From structured databases to Big Data
Véronique Legrand uses the example of Google's translation tool to explain this concept: "In the past, we used structured databases where a query targeted a given field to obtain the corresponding result. In the field of big data databases, this principle would not be viable. Today, a field is not exactly what we think it is; each field belongs to a class or classification, and queries are based on ontologies (trees) to guide reasoning. The algorithm itself may not be complex or powerful. What counts is enriching it with examples. Google enriches its translation algorithm with data labelled by language experts. The richer it becomes, the more it will eventually converge to produce increasingly refined results. "
Hackers also use artificial intelligence
In security, however, the problem is more complex. To return to the question of the quantity and variety of logs that operational security teams have to deal with, it might be tempting to use simple translation elements to automatically translate logs between different languages and make them converge. On the other hand, hackers are capable of generating 'words' to confuse these automatic translation attempts and make it appear as if everything is normal. This forces researchers to check the translation algorithms beforehand in order to validate the operation of the statistical engines.

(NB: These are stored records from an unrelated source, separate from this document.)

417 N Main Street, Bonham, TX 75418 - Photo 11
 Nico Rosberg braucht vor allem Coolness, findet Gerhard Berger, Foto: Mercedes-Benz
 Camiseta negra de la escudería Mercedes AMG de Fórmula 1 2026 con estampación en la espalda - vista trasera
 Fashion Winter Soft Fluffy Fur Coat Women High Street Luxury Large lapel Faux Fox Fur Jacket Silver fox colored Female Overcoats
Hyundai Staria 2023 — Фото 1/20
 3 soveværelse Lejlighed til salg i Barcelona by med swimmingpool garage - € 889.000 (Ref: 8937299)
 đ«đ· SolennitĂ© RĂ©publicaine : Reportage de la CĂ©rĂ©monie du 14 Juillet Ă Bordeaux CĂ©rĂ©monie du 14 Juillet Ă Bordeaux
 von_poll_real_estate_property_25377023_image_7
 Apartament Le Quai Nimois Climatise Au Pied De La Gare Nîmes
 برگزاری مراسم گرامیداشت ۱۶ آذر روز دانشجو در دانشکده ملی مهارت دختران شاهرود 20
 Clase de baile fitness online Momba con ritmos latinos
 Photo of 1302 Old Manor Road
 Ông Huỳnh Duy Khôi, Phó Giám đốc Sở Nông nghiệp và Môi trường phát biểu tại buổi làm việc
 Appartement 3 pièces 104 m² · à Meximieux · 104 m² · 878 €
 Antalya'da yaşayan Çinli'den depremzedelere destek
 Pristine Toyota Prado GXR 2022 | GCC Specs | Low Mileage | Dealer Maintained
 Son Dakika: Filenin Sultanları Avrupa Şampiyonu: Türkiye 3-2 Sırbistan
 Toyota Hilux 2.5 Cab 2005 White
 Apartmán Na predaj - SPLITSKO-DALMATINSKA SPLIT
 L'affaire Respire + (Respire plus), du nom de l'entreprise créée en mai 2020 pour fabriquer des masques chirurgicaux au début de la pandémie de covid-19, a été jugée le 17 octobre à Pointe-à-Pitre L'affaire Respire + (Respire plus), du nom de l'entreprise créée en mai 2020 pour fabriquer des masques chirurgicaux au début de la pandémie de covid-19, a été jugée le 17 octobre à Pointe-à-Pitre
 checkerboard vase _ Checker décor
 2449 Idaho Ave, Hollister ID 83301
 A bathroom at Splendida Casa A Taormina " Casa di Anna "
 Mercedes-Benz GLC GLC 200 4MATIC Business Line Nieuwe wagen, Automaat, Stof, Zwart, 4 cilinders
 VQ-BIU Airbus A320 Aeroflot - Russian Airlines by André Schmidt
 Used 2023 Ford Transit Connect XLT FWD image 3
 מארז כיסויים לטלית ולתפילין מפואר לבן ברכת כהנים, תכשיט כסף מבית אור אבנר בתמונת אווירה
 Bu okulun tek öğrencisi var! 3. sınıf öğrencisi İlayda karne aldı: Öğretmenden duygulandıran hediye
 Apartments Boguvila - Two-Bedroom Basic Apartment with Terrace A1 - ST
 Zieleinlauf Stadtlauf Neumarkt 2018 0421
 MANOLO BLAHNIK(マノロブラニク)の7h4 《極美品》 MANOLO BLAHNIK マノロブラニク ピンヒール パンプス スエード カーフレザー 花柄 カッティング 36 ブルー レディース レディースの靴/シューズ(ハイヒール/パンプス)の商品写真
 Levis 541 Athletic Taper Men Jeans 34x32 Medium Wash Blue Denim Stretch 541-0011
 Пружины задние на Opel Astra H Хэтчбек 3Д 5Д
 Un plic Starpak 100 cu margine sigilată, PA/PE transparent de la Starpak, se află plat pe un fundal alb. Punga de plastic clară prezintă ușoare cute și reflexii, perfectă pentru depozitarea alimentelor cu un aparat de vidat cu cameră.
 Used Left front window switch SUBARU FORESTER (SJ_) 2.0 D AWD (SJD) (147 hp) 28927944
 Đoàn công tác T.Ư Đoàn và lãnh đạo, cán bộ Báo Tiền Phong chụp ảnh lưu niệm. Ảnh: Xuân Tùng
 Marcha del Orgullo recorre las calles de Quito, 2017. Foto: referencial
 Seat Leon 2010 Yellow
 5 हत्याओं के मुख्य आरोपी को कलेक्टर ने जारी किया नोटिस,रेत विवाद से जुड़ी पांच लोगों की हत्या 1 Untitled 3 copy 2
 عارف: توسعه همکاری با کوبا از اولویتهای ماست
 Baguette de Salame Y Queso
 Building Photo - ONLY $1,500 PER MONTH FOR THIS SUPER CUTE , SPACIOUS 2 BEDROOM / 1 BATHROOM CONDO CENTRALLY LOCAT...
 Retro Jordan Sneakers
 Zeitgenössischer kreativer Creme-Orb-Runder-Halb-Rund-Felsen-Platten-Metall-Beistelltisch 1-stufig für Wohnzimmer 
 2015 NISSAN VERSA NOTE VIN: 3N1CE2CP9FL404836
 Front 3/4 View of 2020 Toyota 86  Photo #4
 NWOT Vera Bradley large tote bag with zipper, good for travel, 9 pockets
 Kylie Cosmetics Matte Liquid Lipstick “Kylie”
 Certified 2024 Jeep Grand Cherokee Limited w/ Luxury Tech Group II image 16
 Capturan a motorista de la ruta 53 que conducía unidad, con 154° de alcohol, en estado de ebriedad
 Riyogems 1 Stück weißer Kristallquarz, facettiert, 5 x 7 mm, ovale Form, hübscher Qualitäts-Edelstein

Unlike a translation tool, where it is in everyone's interest to be as close as possible to reality, security is confronted with humans on both sides of the network, and everyone is trying to fool the other. Worse still. As Véronique Legrand reminds us, "All machine learning tools are published and potentially known to attackers, who can detect how we have configured our tools. For example, if they send us a web request, the way in which we respond will be a clue for them. We also set up honeypots, but they may have the same approach. That's why continuous improvement is so important, because it enables us to understand the overall context and to programme algorithms that are difficult to detect" moderates Véronique Legrand, who nevertheless qualifies this statement: "With the proliferation of vulnerabilities, humans alone can no longer do the job. Ideally, in terms of protection, we should be in the same situation as 15 years ago, with reasonable alert flows, but with today's correlation tools. Ideally, for good protection, we need to act on the sources of security systems so that they are better able to raise alerts that are relevant to humans. The other aspect is to better specify security systems at the design stage so that they are better equipped to participate in global self-defence, and the third condition is to have artificial intelligence that can draw on data from heterogeneous sources. "
These are avenues being explored by a number of publishers and SOCs, including Intrinsec. In this face-off between the attacker and the company, AI is a valuable aid, but contrary to what we sometimes read, the human element remains indispensable.
"The tool is intelligent, but only because humans make it evolve. Only humans can devise counter-attacks based on the attack," concludes Véronique Legrand.